I have encountered problems with my height throughout my life. I'm 17 years old(today!) and im 5'2"-3" 135 pounds. I can't tell you how many times I've gone out to dinner with my dad and the hostess ask's "one kids menu, right?". Well, it seems my height problems have followed me into snowboarding. I cant find boards that suit me. It seems to me like the only possible selection is in kids boards. I envy the guys that have the 158 boards with all the new technologies while I have the baseline board. Is there a company that makes a board for me with all the new tech. like c2btx? Can big time companies like forum, lib tech or GNU make me a custom board if I shell out the extra $?

Thanks guys


----------



## Triple8Sol (Nov 24, 2008)

What size boards have you been riding, and what's your boot size? There's no reason you need to settle for "baseline" tech. Since you're a smaller dude, you don't need an overly stiff board, and can find plenty of park type boards in smaller sizes in the 140ish range. Stuff like the Bataleon Fun Kink, Capita Horrorscope/Stairmaster. You can also look into women's boards too.


----------



## HoboMaster (May 16, 2010)

I'm 5'7, 145lbs, and ride a 151 park board. I can ride up to a 158 really, so honestly you should be able to ride a 148-153 no problem. Most makers make boards this small, since some guys like tiny board for park.


----------



## Chaos Theory (Sep 17, 2010)

Nug?

ps - happy birthday!


----------



## Technine Icon (Jan 15, 2009)

Haha, I have the same problem...I'm 21 and I'm 5'4, so it's really hard to find smaller boards. I'm riding the Ride Crush 147 and would highly recommend it. Just choose a board company that you are interested in and spend some time looking through the boards. They almost always have smaller sized boards, it just takes time to find and there aren't many options.


----------



## john doe (Nov 6, 2009)

Never Summer Evo goes down to 119. A 142 or 148 would be good for you. The Smokin' Buck Ferton comes in 147 and has a weight range of 105-165 that you are right in the middle of.


----------



## lilfoot1598 (Mar 7, 2009)

I'm small too, so I empathize. Last year, while signing up for a lesson at my local resort, the salesperson asked my husband what kind of lesson his "daughter" wanted. Uggghhhhh...

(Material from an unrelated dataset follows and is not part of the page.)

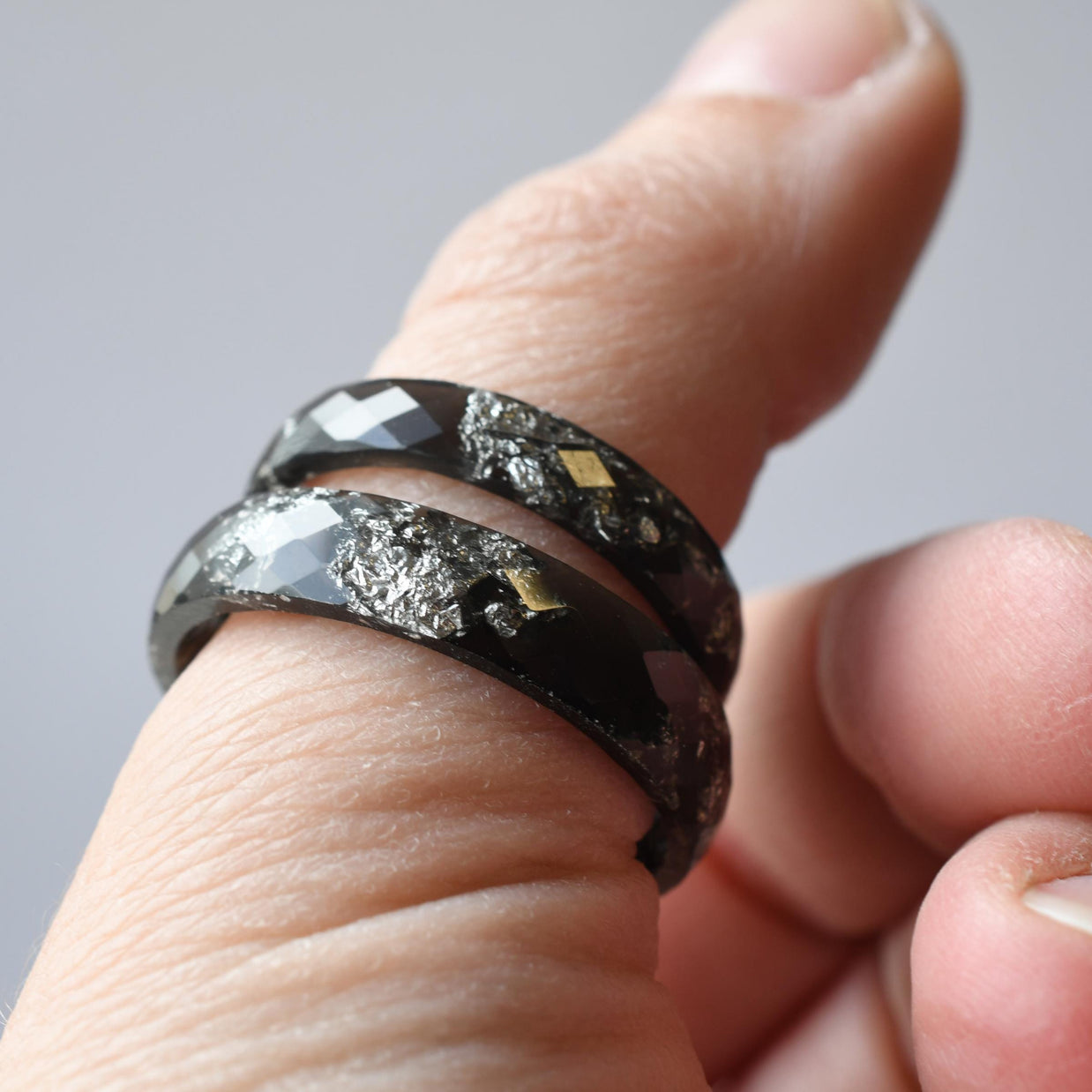 Matching black and silver resin rings worn on hands — handmade jewelry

Anyway, yeah, avoid kid's gear at all costs. It isn't made for an adult and is generally total crap. Try for a softer men's board, or a women's board.


----------



## xB01S0NxBARRYx (Jan 17, 2011)

Chaos Theory said:


> Nug?
> 
> ps - happy birthday!


thanks man! Anyway, im a size 10 boot (in my new kaiju's!:cheeky4 and right now I have my friends old youngblood


----------



## boymonkey (Nov 29, 2009)

Hey, 
Im a dude 5'4" 120lbs size 8 boot and def not growing anymore. So Im def one of the smaller guys out there. Ive never really had trouble finding boards. Clothes on the other hand are a different story. Anyways for the past 2 years Ive been riding a 151 NS SL and its been awesome. With your weight and boot size you should have no problems riding a board somewhere in this range.


----------



## pcguyevilbill (Jan 19, 2011)

Im 5'3 120lb size 7 boots =) cause Im a 22 years old asian =) if that makes u feel better
I can't find any nice looking jacket at the local shops, I have to do a lot of search and went through all kinds of online stores to find the perfect jacket and pants. my pants and jackets are size XS. (it took me about two or three months to find one and both are shipped from the US online stores, the online stores in canada are kind of suxk for a small person like me)

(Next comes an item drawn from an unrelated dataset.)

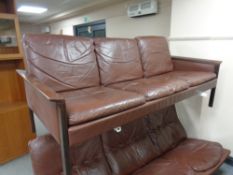 A 20th century Danish wood framed brown leather three seater settee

Snowboard on the other hand, same story have to go through ebay and online stores. 
btw, im using a size 142 snowboard mainly freestyle =) 

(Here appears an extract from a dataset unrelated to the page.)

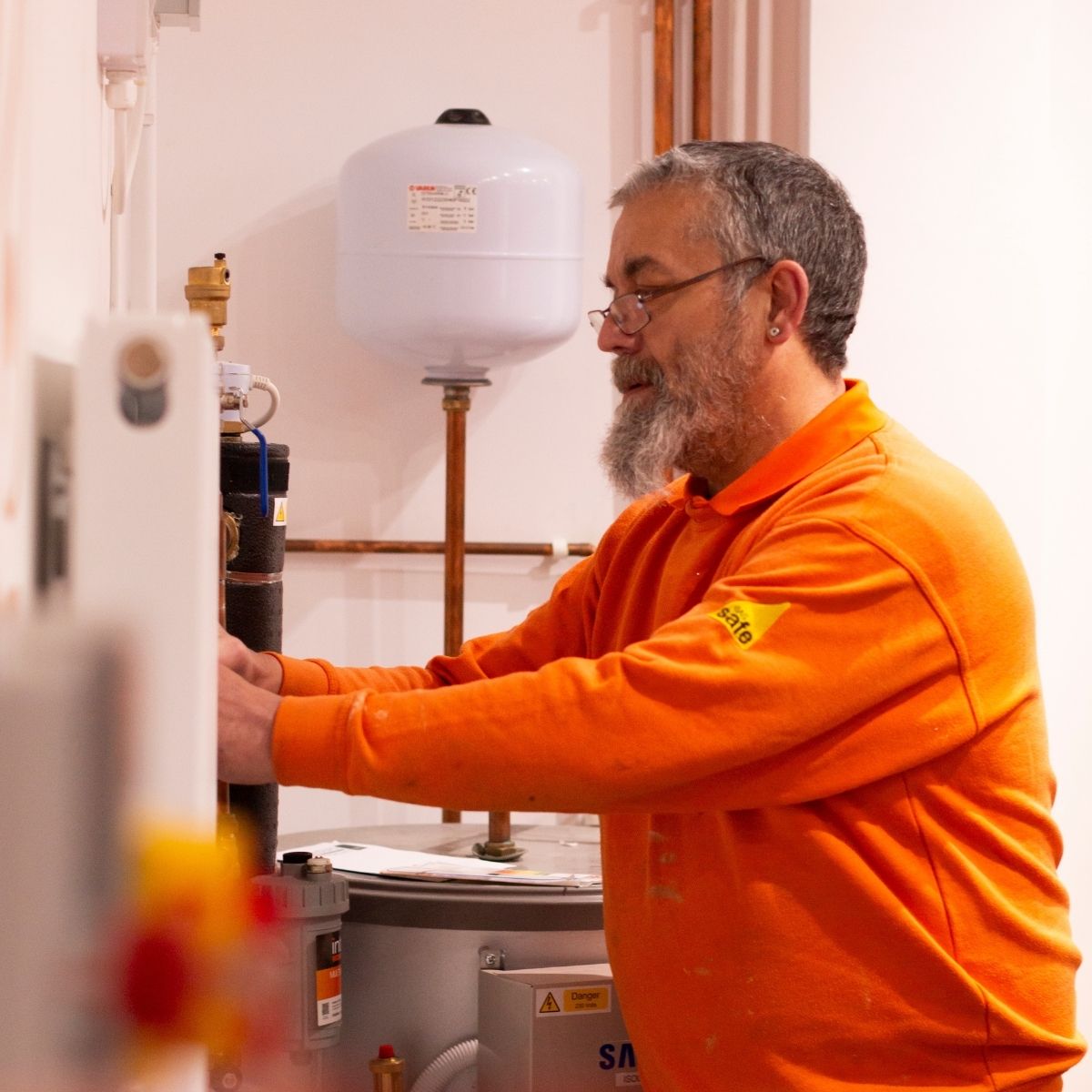 Team photos for The Glow Group, Lincolnshire - a team member fixing a thermostat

if you freestylin i guess 142-145 would be perfect


----------



## CuZoCoX (Mar 19, 2010)

Go with a womens board!!!!!! a kids board is not goin to be your best option bc u will def be limited in selection and purpose.. with a womens board u can get a specific park board, freeride, freestyle or powder board... it would be hard to find that for a kids since a kids board is usually a catch all type... decent at everything great at absolutly nothing!


----------